Выбрать главу

Потому и Хвойку власти сочли было за одного из «сельских императоров». Но очень скоро, убедившись в ошибке, отпустили его на все четыре стороны. Тем не менее в литературе до недавнего времени сохранялось мнение, что этот «бунтарь поневоле» сыграл в хлумецких событиях чуть ли не решающую роль. Характерно, что с таким пониманием автору этой книги довелось столкнуться еще в сентябре 1986 г., когда вместе с известным чешским историком Й. Петранем и этнографом Л. Петраневой мы побывали в деревне Роуднице. Местные жители показали подворье (строение № 20), некогда принадлежавшее Яну Хвойке (его по привычке именуют здесь «bouřlivec», т. е. бунтарь, буян).

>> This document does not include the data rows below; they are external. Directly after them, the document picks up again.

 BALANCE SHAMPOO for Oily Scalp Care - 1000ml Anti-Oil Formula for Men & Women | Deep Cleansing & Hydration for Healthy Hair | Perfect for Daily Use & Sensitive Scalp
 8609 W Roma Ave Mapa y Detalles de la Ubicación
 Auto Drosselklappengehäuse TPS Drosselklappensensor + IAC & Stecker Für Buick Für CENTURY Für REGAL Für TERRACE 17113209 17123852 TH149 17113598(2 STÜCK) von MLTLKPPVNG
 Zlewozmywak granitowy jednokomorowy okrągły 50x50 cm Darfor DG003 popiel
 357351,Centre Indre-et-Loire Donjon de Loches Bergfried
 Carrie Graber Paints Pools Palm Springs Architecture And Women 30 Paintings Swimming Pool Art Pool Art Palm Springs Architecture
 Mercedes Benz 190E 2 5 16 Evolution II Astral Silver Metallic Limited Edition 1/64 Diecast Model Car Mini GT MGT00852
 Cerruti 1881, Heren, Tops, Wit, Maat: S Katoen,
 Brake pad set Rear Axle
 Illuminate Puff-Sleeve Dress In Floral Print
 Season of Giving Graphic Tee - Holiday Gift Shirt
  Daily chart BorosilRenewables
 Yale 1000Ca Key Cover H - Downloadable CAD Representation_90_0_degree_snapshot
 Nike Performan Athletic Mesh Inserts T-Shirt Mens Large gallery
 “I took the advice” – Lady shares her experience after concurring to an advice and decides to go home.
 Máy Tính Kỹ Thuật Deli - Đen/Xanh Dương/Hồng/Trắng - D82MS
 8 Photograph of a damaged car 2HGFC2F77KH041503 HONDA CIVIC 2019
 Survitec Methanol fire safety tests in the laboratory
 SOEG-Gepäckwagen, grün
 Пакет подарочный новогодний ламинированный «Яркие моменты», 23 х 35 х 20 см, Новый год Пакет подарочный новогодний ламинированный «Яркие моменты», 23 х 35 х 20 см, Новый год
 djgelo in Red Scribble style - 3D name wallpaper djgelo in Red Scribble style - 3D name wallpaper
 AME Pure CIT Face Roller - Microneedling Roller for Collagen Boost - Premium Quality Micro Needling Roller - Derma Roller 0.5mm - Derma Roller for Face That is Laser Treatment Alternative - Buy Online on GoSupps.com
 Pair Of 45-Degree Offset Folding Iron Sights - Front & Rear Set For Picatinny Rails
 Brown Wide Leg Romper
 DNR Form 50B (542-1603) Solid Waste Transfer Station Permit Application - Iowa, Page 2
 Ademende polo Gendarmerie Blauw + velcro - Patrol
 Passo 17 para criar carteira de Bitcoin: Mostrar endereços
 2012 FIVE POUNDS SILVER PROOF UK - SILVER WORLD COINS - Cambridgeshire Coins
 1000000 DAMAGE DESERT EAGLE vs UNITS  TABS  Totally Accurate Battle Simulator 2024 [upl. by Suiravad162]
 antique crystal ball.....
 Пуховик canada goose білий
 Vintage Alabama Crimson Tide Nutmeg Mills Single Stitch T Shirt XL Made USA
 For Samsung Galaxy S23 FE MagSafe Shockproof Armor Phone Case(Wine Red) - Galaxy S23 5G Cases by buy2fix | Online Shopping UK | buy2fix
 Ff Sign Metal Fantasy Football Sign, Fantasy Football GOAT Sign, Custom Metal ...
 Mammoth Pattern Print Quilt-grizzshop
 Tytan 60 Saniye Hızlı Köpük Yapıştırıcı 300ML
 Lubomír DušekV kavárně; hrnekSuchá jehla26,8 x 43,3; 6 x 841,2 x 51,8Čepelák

Так думал и Кернер. Понятно, что ему, добросовестному хронисту, было сложно в таких условиях обосновать свою догадку. «Разве что для этого он по многим причинам имел какие-то основания», — замечал о поведении «смелого парня» автор «Хроники». Теперь, после исследований чехословацких историков, выяснена ничтожная доля участия Хвойки в событиях 1775 г. В соответствии с этим смущавшие Й. Кернера опасения полностью отпадают: «смелый парень» вовсе и не собирался передавать Яну Хвойке «предводительский жезл». Более того, очищенная новейшими исследованиями от сомнений, терзавших кратоножского священника, его догадка обрела новую жизнь: «смелый парень» Яна Хвойки и «изгнанный русский принц» градецкого письма — это действительно, скорее всего, один и тот же персонаж. И все же «русский принц» — реальность или вымысел? «Нельзя исключать, — полагал Я. Вавра, — что в возбужденной обстановке тех мятежных дней кто-то из повстанцев объявил себя „изгнанным русским принцем “, что он встал как самозванец во главе целого отряда. Вместе с тем, вероятнее всего, что взвинченная фантазия обездоленного и отчаявшегося народа, который поднялся на восстание, создала в качестве предводителя одного из отрядов образ „русского принца“, который добровольно явился, чтобы пожертвовать собой в борьбе за свободу чешского народа, как и его отец пожертвовал собой в борьбе за свободу народа русского» [200, с. 154].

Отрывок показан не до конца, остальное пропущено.